Like his father, Sajjan Kumar had been elected a member of the Punjab Legislative Council from the Non-Mohammadan Rural Constituency, Hisar. Seth Chhaju Ram was elected in 1927, while Sajjan Kumar was elected twice in 1930 and 1934.

"There was a day when Chhaju Ram was too poor to pay the price even of an umbrella, and the same Chhaju Ram had now himself become an umbrella of the poor!" The list of his welfare activities is extremely lengthy, so here only a brief account of his philanthropic deeds is given.

Seth Chhaju Ram spent several lakhs of rupees in construction of numerous schools like Jat schools of Rohtak, Hisar and Sangaria; Arya Kanya Pathshalas of Hisar and Calcutta; D.A.V. School of Hisar; and the rural schools at Alakhpura and Khanda Kheri. Besides schools, he extended monetary help to D.A.V. College, Lahore; Indra Prastha (Women) College, Delhi; Benaras Hindu University; Gurukul, Hardwar; Vishwa Bharti, Santiniketan etc.
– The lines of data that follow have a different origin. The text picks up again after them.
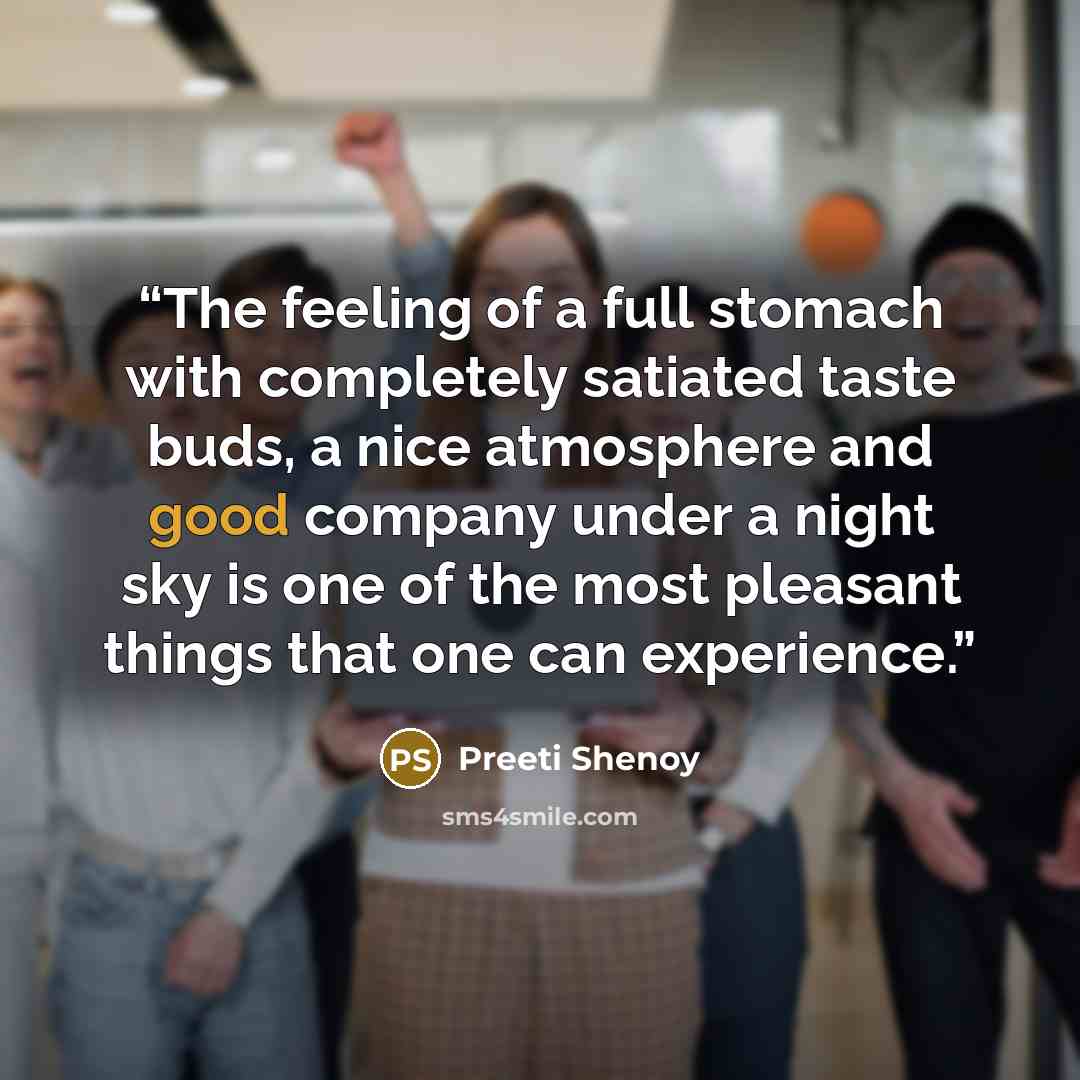 “The feeling of a full stomach with completely satiated taste buds, a nice atmosphere and good company under a night sky is one of the most pleasant things that one can experience.” quote by Preeti Shenoy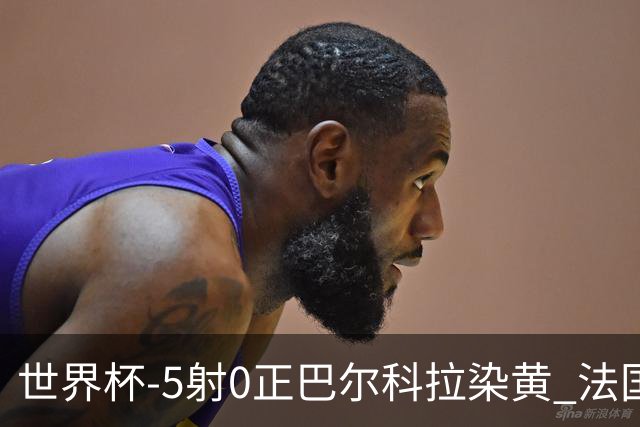 世界杯-5射0正巴尔科拉染黄 法国队半场暂0-0巴拉圭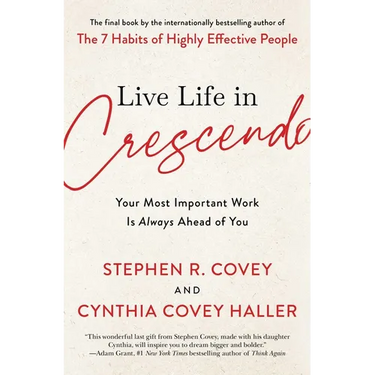 Live Life in Crescendo: Your Most Important Work Is Always Ahead of You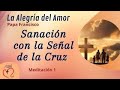 Sanación con la señal de la Cruz. La Alegría del amor | Misión Ruah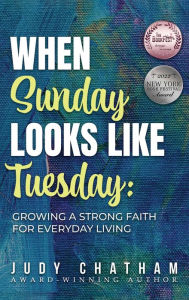 Title: When Sunday Looks Like Tuesday: Growing a Strong Faith for Everyday Living, Author: Judy Chatham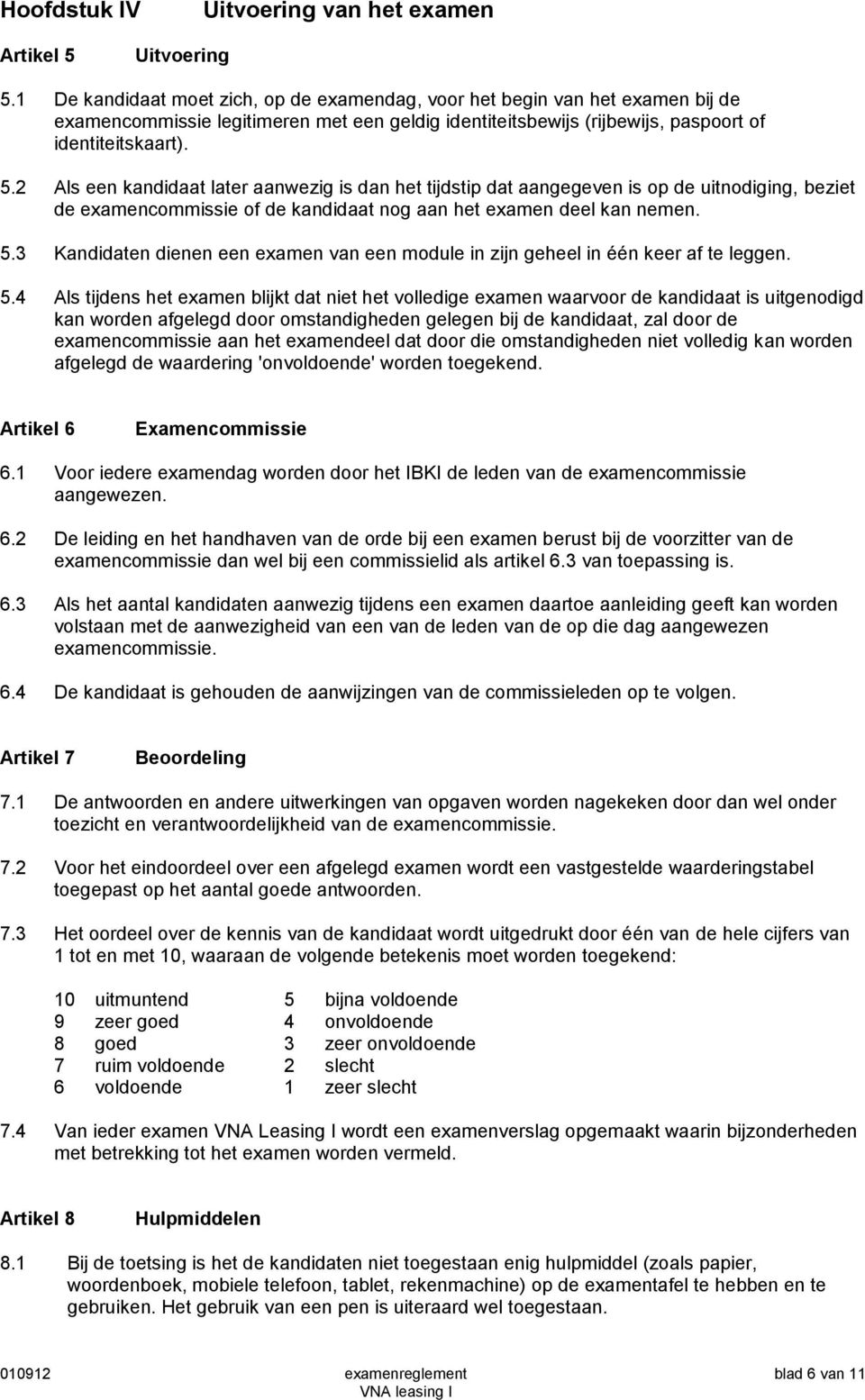 Als een kandidaat later aanwezig is dan het tijdstip dat aangegeven is op de uitnodiging, beziet de examencommissie of de kandidaat nog aan het examen deel kan nemen. 5.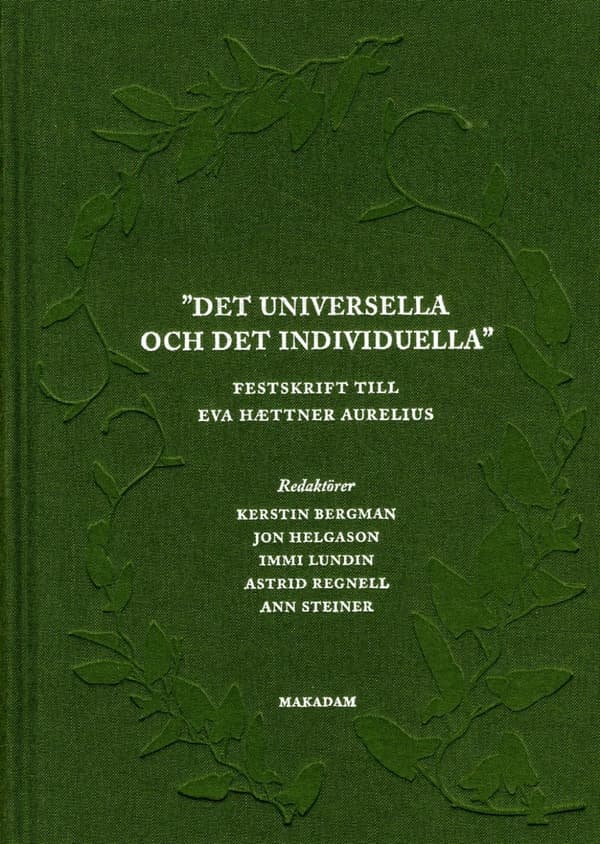 Det Universella Och Det Individuella - Festskrift Till Eva Haettner Aurelius (Bok)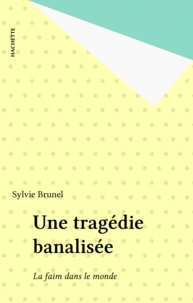  Brunel - Une tragédie banalisée - La faim dans le monde.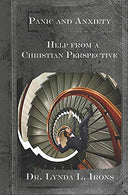 PANIC AND ANXIETY ATTACKS - Help from a Christian Perspective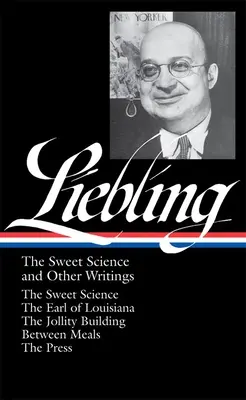 A. J. Liebling: La dulce ciencia y otros escritos (Loa nº 191): La dulce ciencia / El conde de Luisiana / El edificio de la alegría / Entre las comidas / Th - A. J. Liebling: The Sweet Science and Other Writings (Loa #191): The Sweet Science / The Earl of Louisiana / The Jollity Building / Between Meals / Th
He also financed deserving students for higher education.

Seth Chhaju Ram got the Lady Hailey Hospital built at Bhiwani in 1928. Here, the medicines were given free of cost to the patients. Seth Chhaju Ram got it constructed in the memory of his daughter Kamla (1908-23). This well-equipped hospital was subsequently merged with General Hospital, Bhiwani.
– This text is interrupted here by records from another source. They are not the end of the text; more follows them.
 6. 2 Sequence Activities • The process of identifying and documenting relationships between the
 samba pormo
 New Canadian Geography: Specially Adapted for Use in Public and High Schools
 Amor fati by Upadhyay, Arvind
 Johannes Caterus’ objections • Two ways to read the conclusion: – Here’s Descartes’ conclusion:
Apart from getting several wells and dharamshalas built, Seth Chhaju Ram established the Arya Samaj Mandir in Calcutta. He also offered liberal donations to various Arya Samaj institutions in the country.
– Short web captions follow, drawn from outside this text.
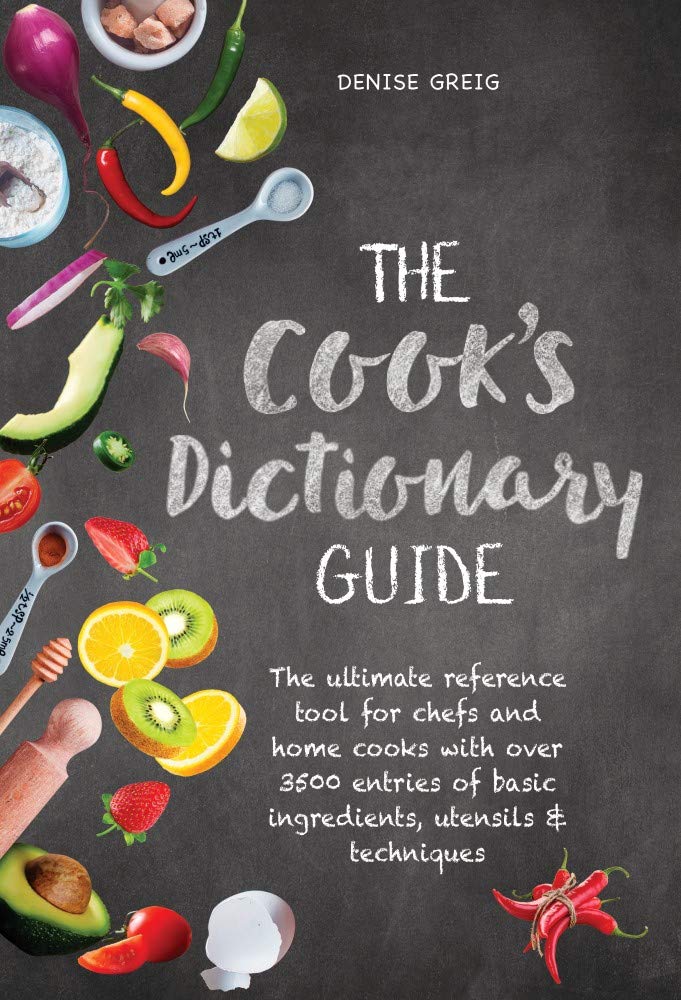 The Cook's Dictionary Guide: The Ultimate Reference Tool for Chefs and Home Cooks with Over 3500 Entries of Basic Ingredients, Utensils & Techniques cover image
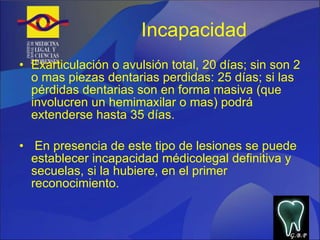 Incapacidad  Exarticulación o avulsión total, 20 días; sin son 2 o mas piezas dentarias perdidas: 25 días; si las pérdidas dentarias son en forma masiva (que involucren un hemimaxilar o mas) podrá extenderse hasta 35 días.  En presencia de este tipo de lesiones se puede establecer incapacidad médicolegal definitiva y secuelas, si la hubiere, en el primer reconocimiento. G.B.P 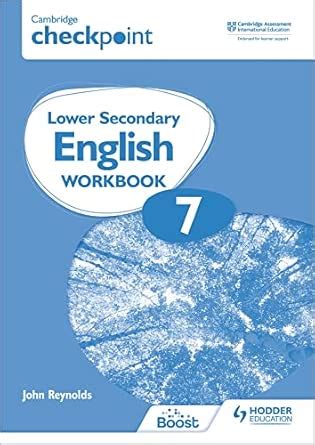 Cambridge Checkpoint Lower Secondary English Workbook 7 : Reynolds ...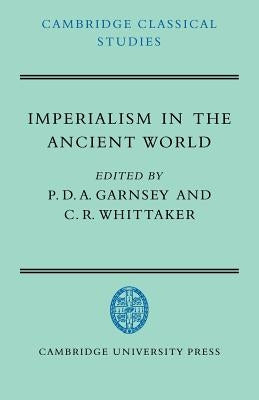 Imperialism in the Ancient World: The Cambridge University Research Seminar in Ancient History by Garnsey, P. D. a.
His beneficiaries ranged from common villagers to national celebrities like Rabindranath Tagore and Mahatma Gandhi. Out of respect, his fellow countrymen rightly called Seth Chhaju Ram the Danveer.

Besides being a danveer, Seth Chhaju Ram was an excellent host. Lala Lajpat Rai Punjab Kesari often became the guest of Seth Chhaju Ram. Many Arya Samajis especially those hailing from Punjab and often Haryana stayed with him in Calcutta. Certain revolutionaries too took refuge in his house. Bhagat Singh reached Calcutta from Lahore in December 1928 after killing Saunders. He hid himself in the kothi of Chhaju Ram where Sushila Bahin, a lady of revolutionary leanings, was already residing as a tutor of the Seth’s daughter — Savitri Devi.

Seth Chhaju Ram died on April 7, 1943, in Calcutta. History will always remember him as an illustrious son of the soil, who not only became a rich and successful businessman but also established certain records of public welfare which can hardly be broken by any philanthropist of the nation!